11 Jul A Canal Runs Through It
A federal district court in Nevada last week issued an interesting international environmental law decision that is worthy of note. The case is Consejo de Desarrollo Economico de Mexicali v. United States, 2006 WL 1875380, and is not available online. Quick facts: A canal known as the All-American Canal provides a route for the delivery of water from the Colorado River to the Imperial Valley in California and the Mexicali Valley in Mexico. This is the canal that is the lifeblood of southern California, with Los Angeles, San Diego and dozens of other cities depending on it for a significant part of their water supply.
The problem is the canal is not lined, so there is tremendous seepage resulting in significant loss of water. The United States has committed by treaty to deliver 1.5 million acre-feet of Colorado River water to Mexico. But California is using way too much of the Colorado River water. The proposed solution is to line the canal to prevent the unnecessary loss of water. So Congress passes a statute to that effect. Great idea, right! Apparently not.
Plaintiffs in Mexicali say that lining the canal will have an adverse environmental impact on Mexico. How so? Well, you see there’s a wetland in Mexico. In fact, it’s an All-American Canal seepage wetland. That’s right, the wetland didn’t exist before the canal was built and may not survive once the canal is properly lined. So the destruction of this seepage wetland is a sufficient reason to stop lining the canal. Far better to lose the extra Colorado River water and save the seepage wetland. Or so say the plaintiffs. But the court isn’t buying it. It finds that the National Environmental Protection Act (NEPA) doesn’t protect foreign harms, including Mexican seepage wetlands just south of the border. Statutes don’t normally have extraterritorial application and there’s nothing in NEPA to suggest Congress wanted to protect these foreign environmental harms.

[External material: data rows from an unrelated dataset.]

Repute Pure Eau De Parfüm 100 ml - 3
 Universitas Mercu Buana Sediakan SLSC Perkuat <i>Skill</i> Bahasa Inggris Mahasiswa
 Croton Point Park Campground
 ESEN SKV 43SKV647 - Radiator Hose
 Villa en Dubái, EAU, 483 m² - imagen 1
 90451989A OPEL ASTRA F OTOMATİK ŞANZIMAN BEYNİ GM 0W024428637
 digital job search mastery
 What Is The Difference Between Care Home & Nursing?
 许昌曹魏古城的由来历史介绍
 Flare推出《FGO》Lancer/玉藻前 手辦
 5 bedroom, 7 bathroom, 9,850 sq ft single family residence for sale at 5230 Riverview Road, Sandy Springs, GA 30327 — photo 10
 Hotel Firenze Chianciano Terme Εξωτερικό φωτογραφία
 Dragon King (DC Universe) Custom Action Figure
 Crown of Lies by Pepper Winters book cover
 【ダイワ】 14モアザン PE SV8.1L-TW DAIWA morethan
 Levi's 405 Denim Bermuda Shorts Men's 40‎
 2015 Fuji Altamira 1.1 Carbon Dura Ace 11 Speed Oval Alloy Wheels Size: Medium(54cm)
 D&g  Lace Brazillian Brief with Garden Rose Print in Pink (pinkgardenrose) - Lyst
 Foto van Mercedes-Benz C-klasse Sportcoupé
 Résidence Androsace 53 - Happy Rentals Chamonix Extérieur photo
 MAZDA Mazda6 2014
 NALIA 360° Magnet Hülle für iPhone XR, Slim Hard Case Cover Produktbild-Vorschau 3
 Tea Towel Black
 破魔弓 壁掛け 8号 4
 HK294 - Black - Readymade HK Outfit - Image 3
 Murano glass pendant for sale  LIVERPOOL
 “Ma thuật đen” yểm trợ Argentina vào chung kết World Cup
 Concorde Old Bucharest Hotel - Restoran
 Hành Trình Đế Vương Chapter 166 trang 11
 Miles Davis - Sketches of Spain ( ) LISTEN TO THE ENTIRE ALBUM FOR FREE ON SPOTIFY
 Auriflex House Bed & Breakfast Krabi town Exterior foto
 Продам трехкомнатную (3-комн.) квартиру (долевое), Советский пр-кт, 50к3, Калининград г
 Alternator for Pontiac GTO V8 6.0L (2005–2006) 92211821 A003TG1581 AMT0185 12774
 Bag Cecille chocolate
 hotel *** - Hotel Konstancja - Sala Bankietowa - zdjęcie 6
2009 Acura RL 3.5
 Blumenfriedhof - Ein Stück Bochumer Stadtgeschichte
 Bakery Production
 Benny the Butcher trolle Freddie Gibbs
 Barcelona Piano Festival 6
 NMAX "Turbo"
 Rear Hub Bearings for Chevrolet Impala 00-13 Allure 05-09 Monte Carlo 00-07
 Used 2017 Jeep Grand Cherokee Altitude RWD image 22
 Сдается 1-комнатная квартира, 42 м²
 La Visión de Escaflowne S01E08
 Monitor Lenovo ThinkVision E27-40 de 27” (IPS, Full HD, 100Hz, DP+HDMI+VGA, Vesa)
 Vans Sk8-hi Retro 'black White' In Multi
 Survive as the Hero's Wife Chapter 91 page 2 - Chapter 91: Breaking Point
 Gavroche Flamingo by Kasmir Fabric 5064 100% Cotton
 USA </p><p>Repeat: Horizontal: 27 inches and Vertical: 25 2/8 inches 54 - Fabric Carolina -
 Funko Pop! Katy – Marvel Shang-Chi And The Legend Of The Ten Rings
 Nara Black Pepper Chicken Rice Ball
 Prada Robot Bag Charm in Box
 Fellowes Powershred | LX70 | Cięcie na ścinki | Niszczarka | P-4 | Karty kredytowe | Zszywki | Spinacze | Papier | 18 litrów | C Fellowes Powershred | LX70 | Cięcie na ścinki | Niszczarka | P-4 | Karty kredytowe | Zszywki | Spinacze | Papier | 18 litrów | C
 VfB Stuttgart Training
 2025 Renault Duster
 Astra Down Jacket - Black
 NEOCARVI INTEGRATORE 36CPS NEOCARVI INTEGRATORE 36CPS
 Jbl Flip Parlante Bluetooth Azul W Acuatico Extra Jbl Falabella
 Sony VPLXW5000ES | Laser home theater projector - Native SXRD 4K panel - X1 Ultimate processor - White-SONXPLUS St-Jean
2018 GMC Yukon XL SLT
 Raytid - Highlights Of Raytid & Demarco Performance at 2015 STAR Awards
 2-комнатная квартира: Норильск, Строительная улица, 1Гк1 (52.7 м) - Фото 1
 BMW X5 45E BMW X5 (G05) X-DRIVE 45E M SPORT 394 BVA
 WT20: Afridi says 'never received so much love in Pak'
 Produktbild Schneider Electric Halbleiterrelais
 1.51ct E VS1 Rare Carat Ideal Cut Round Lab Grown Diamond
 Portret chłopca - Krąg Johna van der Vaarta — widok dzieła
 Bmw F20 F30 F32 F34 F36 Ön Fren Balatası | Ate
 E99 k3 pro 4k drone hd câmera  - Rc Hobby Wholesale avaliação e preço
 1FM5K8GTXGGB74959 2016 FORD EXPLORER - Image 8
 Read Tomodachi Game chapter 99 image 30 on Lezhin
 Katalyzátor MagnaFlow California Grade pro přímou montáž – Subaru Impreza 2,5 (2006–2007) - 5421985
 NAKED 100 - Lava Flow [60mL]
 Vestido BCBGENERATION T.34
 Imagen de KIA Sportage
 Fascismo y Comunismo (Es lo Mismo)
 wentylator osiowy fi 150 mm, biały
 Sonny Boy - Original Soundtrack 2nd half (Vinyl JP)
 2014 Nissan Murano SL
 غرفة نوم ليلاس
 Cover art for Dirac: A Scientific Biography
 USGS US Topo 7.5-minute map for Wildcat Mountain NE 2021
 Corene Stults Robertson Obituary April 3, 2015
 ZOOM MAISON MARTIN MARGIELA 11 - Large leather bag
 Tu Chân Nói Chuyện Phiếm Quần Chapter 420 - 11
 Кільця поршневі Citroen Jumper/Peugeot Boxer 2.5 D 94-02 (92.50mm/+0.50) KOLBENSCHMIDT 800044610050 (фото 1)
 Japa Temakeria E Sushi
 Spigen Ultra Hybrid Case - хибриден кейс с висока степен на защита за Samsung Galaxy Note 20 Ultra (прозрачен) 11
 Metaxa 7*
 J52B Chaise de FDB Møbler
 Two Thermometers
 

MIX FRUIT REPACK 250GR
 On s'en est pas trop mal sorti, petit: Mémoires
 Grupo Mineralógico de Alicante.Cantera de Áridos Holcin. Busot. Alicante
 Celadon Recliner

Okay, that argument didn’t hold water, so the plaintiffs try for trans-boundary harm. Harms in Mexico will have trans-boundary harms in the United States. Like what? Well, the loss of seepage in Mexico will reduce crop importation to the United States, and thereby reduce trade from Mexico, and thereby increase illegal immigration because of the loss of farming jobs. That’s only a few degrees of separation between the loss of canal seepage and a massive influx of illegal immigration. No more water seepage means no more seepage wetland, which means no more wetland farmers, which means no more imported crops, which means too many illegal aliens. Ok. That works right? Wrong again. The court concluded that those arguments were just too speculative.
So the plaintiffs try one last argument: domestic harms. More precisely, drowning large American mammals. Yes, at various points along the canal the large mammals, a.k.a. American deer, are prone to drown if they don’t have an escape route. Makes sense right? And lining the canal will require eliminating the escape routes and that will have an adverse domestic impact on the deer population in the United States. Under the lining project the proposed solution in lieu of escape ridges was, I’m not making this up, to install mammal ladders. The ladders are scheduled to be 375 feet apart with hazard signs in English and Spanish (apparently not every canal-crossing large mammal is bilingual). But ladders won’t cut it, plaintiffs argue, and many more deer will drown if they are forced to climb canal ladders rather than traverse escape ridges. That argument works, right? No. Why not? Well, the problem is there are no large American mammals trying to cross the All American Canal! The court concluded that following a year of deer tracking and aerial surveillance there was no sign of deer in the area in question. Accordingly, the court found that given the absence of deer, the elimination of deer escape routes and the use of large mammalian ladders would not have an adverse impact on the non-existent deer.
In the end, the court concluded that lining the All-American Canal does not have the adverse environmental impact plaintiffs allege. Besides, to display undue concern for Mexican seepage wetlands and non-existent American large mammals rather than focusing on reclaiming millions more of the Colorado River would be akin to, well, throwing the baby out with the canal water.